Collected data:
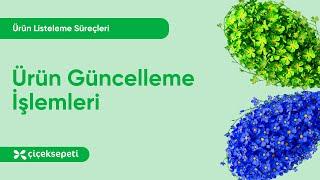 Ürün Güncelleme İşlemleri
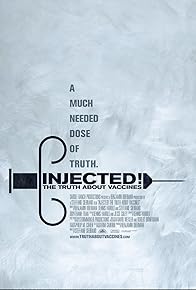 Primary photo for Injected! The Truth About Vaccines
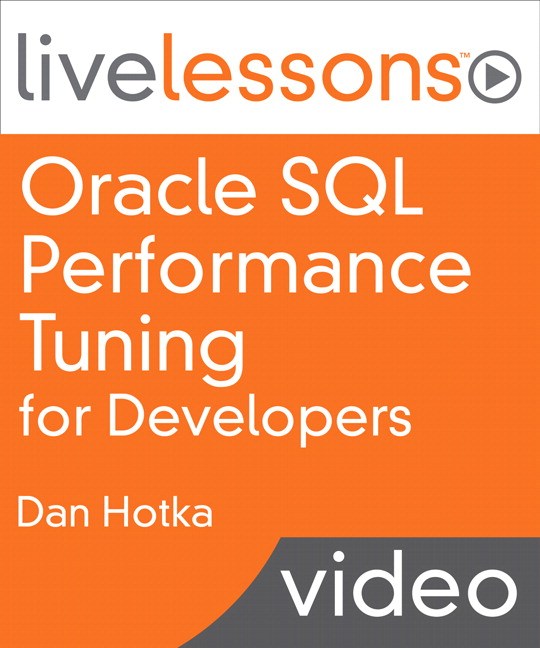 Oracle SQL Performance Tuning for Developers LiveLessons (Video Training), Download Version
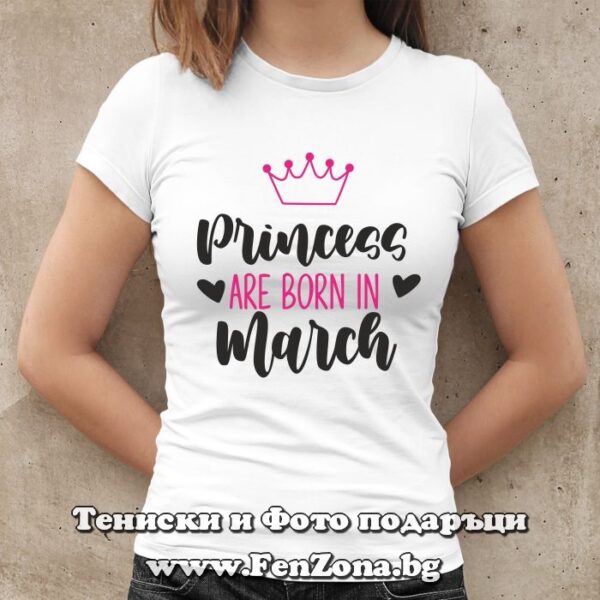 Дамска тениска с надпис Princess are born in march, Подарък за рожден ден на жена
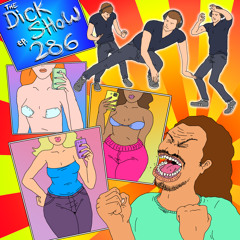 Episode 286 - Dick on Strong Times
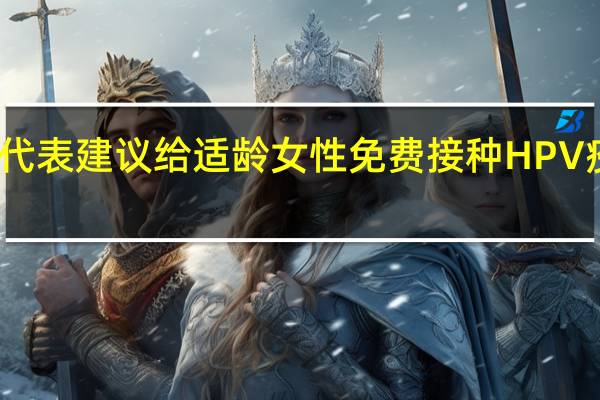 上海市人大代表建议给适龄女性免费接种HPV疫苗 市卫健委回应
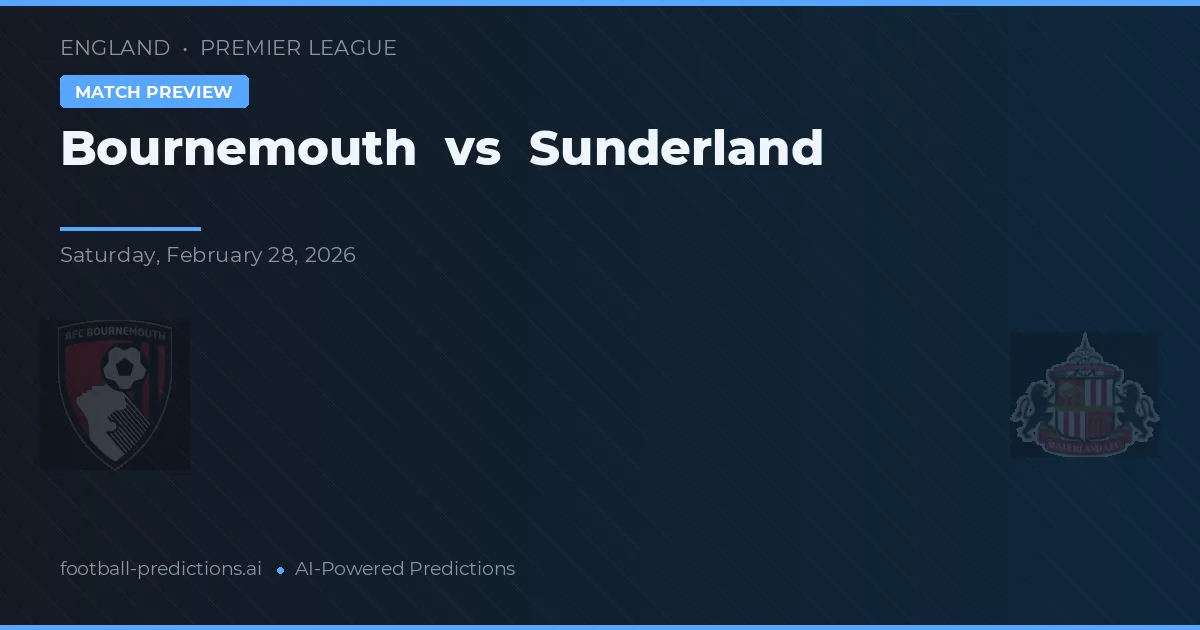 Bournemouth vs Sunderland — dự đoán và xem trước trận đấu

## WHAT THE TASK ASKS
Give back every entry in its exact wording, leaving the pictures out.

## PROBLEM SOLUTION
 Ürün Güncelleme İşlemleri
 Primary photo for Injected! The Truth About Vaccines
 Oracle SQL Performance Tuning for Developers LiveLessons (Video Training), Download Version
 Дамска тениска с надпис Princess are born in march, Подарък за рожден ден на жена
 Episode 286 - Dick on Strong Times
 上海市人大代表建议给适龄女性免费接种HPV疫苗 市卫健委回应
 Bournemouth vs Sunderland — dự đoán và xem trước trận đấu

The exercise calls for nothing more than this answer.